L'ordinaire de la discipline militaire est ici mis au service du décervelage et de l'écrasement physique. C'est toujours de la discipline militaire mais poussée à l'extrême : à chaque attitude répond une sanction que les cadres multiplient à l'envi. Répressions codées (toujours les mêmes) et graduées. Par exemple, niveau 1 : on expédie le puni dans un cachot. Niveau 2 : on expédie le puni nu dans un cachot. Niveau 3 : on jette de l'eau sur le sol pour qu'elle gèle. Niveau 4 : on place une serpillière sous la porte pour empêcher l'eau de filtrer. Bien sûr les gradés ne cherchent pas à tuer. Il faut bien envoyer à l'hôpital ceux qui avalent des cuillères ou qui tentent de se suicider. Et ceux qui refusent d'obéir y finiront aussi puisque les cadres vont les désigner comme boucs émissaires en bombardant les autres disciplinaires de mesures de rétorsions dues justement au refus d'un seul.
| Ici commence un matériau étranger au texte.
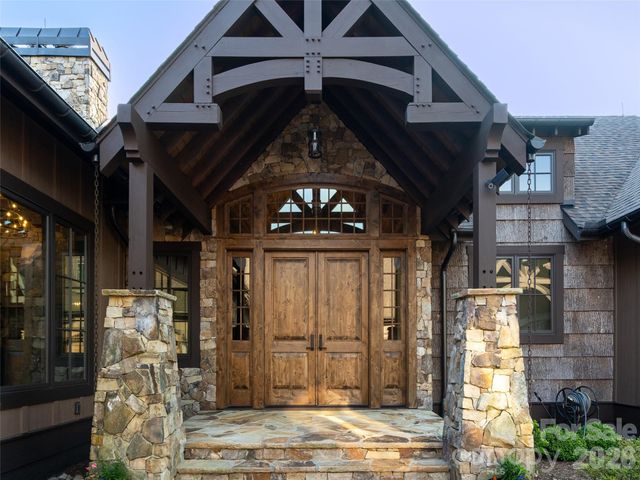 93 N Snow Ridge Drive, Hendersonville, NC 28792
Dans ce cercle vicieux de sadisme froid et calculé, on comprend que le jeune légionnaire, qui va être plus tard réformé, ne pourra plus sortir de cette spirale de soumission et de folie.

Citation

La parade. Le boniment. Le spectacle. Derrière le rideau, il y avait les Albertini et les Loriot. Dans les plis du drapeau de la Légion se cachait la Section disciplinaire. Cela, les Français l'ignoraient.